E se hoje eu estivesse sentada na praia, olhando o mar, e pensando nas coisas que ficaram para trás, você me olharia, conversaria comigo e veria que eu tenho covinhas quando sorrio? E se eu te encontrasse em um bar com garçonetes que saíram de um filme do Almodóvar você sentaria ao meu lado no balcão? E se eu me empolgasse e falasse muito sobre coisas chatíssimas como literatura e autores desconhecidos você estaria ali prestando atenção e me olharia daquele jeito? E eu ficaria aturdida e esqueceria completamente o assunto? Será que agora você não faria nada para que eu ficasse ao seu lado?

E se me conhecesse hoje, tudo seria igual? Será que a gente iria brincar de 2046 ou de Blueberry Nights?

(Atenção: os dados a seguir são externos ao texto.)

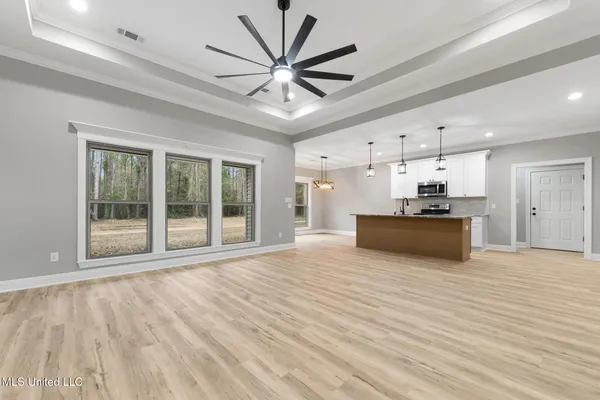 $399,900 | 5360 Hoda Road, Kiln, MS 39556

Tuesday, December 04, 2007

Asas do desejo

The colours fade to grey
And I'm left with black and white
Don't know why I try
To fight with what is right
The truth is on our lips
It looks like time to tell
But you know I could be wrong about that as well
I thought a happy ending was more or less assured
I thought a little warmth could win the war
I'm wrong about everything
I think that I can sing
And when you hear the song
You'll wanna sing along


Em preto-e-branco, o sol nasceu. Uma noite de insônia, de lagrimas secas, o amanhecer angustiante, descolorido. A chuva fina, branca, tons de cinza no mar, o coraçao duro, preto, e a frase que ia e voltava, "entao é meu beijo que diz 'eu te amo' que é demais pra voce?". A noite negra sem estrelas, o dia cinza. "É o meu abraço 'sou sua' que você nao quer?" Preto-e-branco, o primeiro amanhecer sem cores. Ela zonza, desbotada. O principio de um tempo sem vermelhos, azuis, amarelos. Fade out em cinza, aquele homem se foi.

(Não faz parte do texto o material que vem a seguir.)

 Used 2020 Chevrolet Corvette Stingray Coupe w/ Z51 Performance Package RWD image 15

E vieram outros. E a mao que buscava calor aprendeu a mudez; os labios frios, o silêncio. Para sempre. No olhar o medo: é demais? Desaprendeu as cores. "Seus olhos sao azuis?" Nunca mais soube sozinha. É perigoso assim tao perto, machuca. Doi, quebra em caquinhos, rouba a cor do mundo. Verde desmaiado, rosa-palido, um mundo de palheta aguada. Dos seguintes, nao se lembrava do andar, a curva dos ombros, como era mesmo a sensaçao de abraçar e chegar muito perto? E os seguintes foram muitos. Começou a acreditar que tinha pouca memoria recente. Nao lembrava quantos. Nada podia ser tao sério a ponto de devolver as cores do mundo. Os tons das emoçoes.

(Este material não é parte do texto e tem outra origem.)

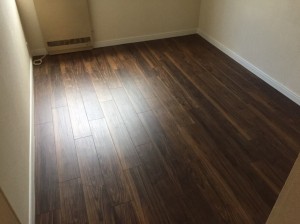 使用用途や場所に合せた床に張り替えました。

Entao ela aprendeu a subir muito alto e a olhar o mundo de cima. Falava muito, sem sentir. So nao sabia por quê. Nao sabia, estatua bege, que nao tinha perigo. Entregava-se a qualquer coisa pra lembrar como eram as agulhas, que gosto tinha o vermelho. Ia aos bares mais escuros, os teatros mais vazios, os menores cinemas. Muita luz, nao, obrigada. Detestava Wim Wenders, David Lynch, aquelas narrativas sem sentido, comoassim fotografia das emoçoes.

Até que.

Até que um dia ela senta na janela do sexto andar e sente dor. Em preto-e-branco, lembra. Até que ela cansa de chorar lagrimas secas. Até que ela começa a sentir medo de aviao, assim de repente. Até que ela atravessa um mar nessa maquina sem chao, la embaixo a agua, voumorrervoumorrer. Até que ela coloca o pé em terra firme, engole o medo, perde a fala e aceita o abraço. Até que faz sol atras do mar. E ela se entrega, depois de tanto tempo, de verdade. Olha nos olhos e sabe: castanhos. Até que ela vê a mao que procura a sua, estica o braço e ele responde. Laisse toi aller. Até que ela abre os olhos e ve o mundo transformado num puteiro, vermelhos azuis amarelos luzes luzes perfumes vinho quente cerveja choca rosa lavanda macarron chuva terra molhada margem de rio lama roxo verde éclatant berrante gritante tudo agora ao mesmo tempo. E ela grita, fade in furta-cor. Até que ela chora com a cena do anjo que caiu do céu para sentir o gosto do sangue. Para tomar um café e descobrir a diferença entre o ocre e o marron, o laranja e o amarelo. E ela chora e ela sorri e ela nao sabe o que sentir e no meio da aula daquelas linguas estranhas, alemao, francês, ela entende tudo. O anjo e a trapezista. A voz grave, Nick Cave. Num segundo, ela descobre que nao sabe mais de nada. Que vai ter que aprender tudo de novo. Adolescente, descobrindo o mundo com fome. O espectro solar dos sentimentos. Colorido, chocante, assustadoramente bom. Daqui a pouco, ela aprende a amar.